Short text fragments from websites
---
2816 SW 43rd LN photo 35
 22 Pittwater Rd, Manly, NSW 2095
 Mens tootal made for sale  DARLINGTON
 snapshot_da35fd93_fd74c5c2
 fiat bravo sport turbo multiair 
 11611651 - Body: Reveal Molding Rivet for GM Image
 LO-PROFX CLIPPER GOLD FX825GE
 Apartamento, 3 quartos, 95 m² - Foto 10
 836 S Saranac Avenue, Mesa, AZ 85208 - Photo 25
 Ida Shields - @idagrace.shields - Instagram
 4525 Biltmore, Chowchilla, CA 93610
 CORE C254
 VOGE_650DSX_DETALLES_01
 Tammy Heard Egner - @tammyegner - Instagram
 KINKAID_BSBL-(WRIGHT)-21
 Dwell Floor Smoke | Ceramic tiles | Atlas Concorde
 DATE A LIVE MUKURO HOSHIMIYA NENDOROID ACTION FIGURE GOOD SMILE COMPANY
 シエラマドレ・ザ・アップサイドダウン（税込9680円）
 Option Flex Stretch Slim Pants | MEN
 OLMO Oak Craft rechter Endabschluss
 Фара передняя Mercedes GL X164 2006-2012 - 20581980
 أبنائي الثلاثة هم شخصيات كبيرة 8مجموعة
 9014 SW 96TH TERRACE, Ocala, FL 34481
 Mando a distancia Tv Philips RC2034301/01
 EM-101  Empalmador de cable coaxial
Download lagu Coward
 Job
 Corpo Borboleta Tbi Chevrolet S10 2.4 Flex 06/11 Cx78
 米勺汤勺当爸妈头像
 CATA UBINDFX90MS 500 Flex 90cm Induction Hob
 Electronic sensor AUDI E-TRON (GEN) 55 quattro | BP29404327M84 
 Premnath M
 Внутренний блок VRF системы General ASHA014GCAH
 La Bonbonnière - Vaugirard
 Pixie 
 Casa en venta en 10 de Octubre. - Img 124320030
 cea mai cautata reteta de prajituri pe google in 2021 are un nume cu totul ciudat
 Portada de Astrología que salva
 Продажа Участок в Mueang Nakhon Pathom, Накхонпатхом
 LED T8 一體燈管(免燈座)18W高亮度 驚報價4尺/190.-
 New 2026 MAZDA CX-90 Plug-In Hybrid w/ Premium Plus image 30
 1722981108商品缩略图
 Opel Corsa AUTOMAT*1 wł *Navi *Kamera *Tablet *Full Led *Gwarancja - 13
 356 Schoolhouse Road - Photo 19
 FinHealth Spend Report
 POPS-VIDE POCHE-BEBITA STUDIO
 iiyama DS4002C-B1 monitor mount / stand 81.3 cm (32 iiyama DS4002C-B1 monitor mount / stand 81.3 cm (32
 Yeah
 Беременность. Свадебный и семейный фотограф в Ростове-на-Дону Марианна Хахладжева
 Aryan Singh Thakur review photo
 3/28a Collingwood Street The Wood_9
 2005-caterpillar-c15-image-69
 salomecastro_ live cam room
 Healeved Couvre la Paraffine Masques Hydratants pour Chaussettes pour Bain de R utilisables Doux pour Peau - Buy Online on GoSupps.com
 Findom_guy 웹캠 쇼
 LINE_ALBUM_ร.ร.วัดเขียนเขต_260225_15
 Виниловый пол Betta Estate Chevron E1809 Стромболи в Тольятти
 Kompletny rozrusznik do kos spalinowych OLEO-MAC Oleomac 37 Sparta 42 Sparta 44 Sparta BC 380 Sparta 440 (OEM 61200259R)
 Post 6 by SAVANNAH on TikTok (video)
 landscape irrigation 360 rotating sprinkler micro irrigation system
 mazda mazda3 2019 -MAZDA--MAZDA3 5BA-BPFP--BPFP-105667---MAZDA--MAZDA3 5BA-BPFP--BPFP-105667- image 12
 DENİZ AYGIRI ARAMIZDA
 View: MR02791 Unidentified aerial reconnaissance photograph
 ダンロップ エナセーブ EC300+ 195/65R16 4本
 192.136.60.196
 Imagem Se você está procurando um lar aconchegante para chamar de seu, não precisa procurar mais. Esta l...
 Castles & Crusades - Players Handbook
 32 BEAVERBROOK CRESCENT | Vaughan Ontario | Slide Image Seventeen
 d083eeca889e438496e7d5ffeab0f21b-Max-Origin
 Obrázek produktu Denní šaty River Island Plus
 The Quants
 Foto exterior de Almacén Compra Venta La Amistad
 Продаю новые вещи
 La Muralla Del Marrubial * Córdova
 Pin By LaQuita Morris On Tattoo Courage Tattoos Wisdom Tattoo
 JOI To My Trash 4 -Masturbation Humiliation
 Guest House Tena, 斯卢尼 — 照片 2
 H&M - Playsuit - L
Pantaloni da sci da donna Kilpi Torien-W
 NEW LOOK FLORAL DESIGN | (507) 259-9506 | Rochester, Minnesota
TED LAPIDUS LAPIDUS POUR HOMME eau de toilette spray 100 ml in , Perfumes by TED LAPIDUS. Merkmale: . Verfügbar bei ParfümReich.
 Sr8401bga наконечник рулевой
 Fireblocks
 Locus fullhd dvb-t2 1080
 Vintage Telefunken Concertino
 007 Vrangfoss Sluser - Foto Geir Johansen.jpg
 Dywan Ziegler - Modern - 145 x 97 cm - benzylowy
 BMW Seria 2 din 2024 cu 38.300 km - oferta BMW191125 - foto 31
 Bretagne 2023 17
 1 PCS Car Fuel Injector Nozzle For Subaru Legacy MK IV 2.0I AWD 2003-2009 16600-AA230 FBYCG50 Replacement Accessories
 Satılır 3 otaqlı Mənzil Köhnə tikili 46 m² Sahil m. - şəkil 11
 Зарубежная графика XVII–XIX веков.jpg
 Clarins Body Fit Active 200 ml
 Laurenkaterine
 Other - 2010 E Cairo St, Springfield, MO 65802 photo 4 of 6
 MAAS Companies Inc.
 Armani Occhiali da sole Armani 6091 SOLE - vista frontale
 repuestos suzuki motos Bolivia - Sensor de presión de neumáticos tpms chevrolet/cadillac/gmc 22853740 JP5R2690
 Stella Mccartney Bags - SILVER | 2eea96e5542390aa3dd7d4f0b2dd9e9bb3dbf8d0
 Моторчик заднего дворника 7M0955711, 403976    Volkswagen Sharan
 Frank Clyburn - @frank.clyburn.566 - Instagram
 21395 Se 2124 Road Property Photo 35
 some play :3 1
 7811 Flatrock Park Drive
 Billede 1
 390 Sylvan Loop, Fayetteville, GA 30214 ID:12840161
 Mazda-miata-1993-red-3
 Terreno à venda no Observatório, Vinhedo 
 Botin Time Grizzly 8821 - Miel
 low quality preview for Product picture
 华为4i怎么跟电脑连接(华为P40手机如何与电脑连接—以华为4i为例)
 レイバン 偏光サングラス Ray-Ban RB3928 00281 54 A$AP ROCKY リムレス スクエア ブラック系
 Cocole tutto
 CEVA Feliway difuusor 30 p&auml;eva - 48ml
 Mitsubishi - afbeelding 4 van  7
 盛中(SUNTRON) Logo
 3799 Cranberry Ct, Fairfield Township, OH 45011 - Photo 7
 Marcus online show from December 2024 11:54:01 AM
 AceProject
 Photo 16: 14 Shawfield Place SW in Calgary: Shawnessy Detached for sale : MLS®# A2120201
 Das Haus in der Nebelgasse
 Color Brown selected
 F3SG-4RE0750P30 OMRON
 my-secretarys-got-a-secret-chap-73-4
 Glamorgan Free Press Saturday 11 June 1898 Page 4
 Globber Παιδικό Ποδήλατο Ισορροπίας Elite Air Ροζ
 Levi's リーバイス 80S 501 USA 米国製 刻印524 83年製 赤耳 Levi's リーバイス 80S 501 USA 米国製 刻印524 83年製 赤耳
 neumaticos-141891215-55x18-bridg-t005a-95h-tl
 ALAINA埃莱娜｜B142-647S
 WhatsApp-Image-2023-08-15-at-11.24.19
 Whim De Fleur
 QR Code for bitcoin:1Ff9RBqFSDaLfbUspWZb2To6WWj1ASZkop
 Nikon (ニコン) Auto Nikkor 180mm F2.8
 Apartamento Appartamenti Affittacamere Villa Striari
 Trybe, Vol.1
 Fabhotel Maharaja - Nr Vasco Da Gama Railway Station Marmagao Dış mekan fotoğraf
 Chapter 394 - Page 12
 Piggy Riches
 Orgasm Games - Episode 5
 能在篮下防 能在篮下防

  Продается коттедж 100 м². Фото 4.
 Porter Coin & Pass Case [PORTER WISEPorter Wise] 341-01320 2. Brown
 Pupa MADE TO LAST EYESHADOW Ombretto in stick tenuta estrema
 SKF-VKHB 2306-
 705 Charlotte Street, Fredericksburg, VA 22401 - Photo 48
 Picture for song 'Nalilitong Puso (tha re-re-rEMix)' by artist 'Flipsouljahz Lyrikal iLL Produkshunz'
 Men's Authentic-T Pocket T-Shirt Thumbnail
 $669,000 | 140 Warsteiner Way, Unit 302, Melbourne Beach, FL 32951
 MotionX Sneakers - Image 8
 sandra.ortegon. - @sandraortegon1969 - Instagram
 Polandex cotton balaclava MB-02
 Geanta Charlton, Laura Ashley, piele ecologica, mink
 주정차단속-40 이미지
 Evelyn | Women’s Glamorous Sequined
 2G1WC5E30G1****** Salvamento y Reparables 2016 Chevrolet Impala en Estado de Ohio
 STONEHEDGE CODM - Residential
---
Activity
What is needed is the number of lines in the records that contain the string "Instagram", stated with nothing else.

Answer area
4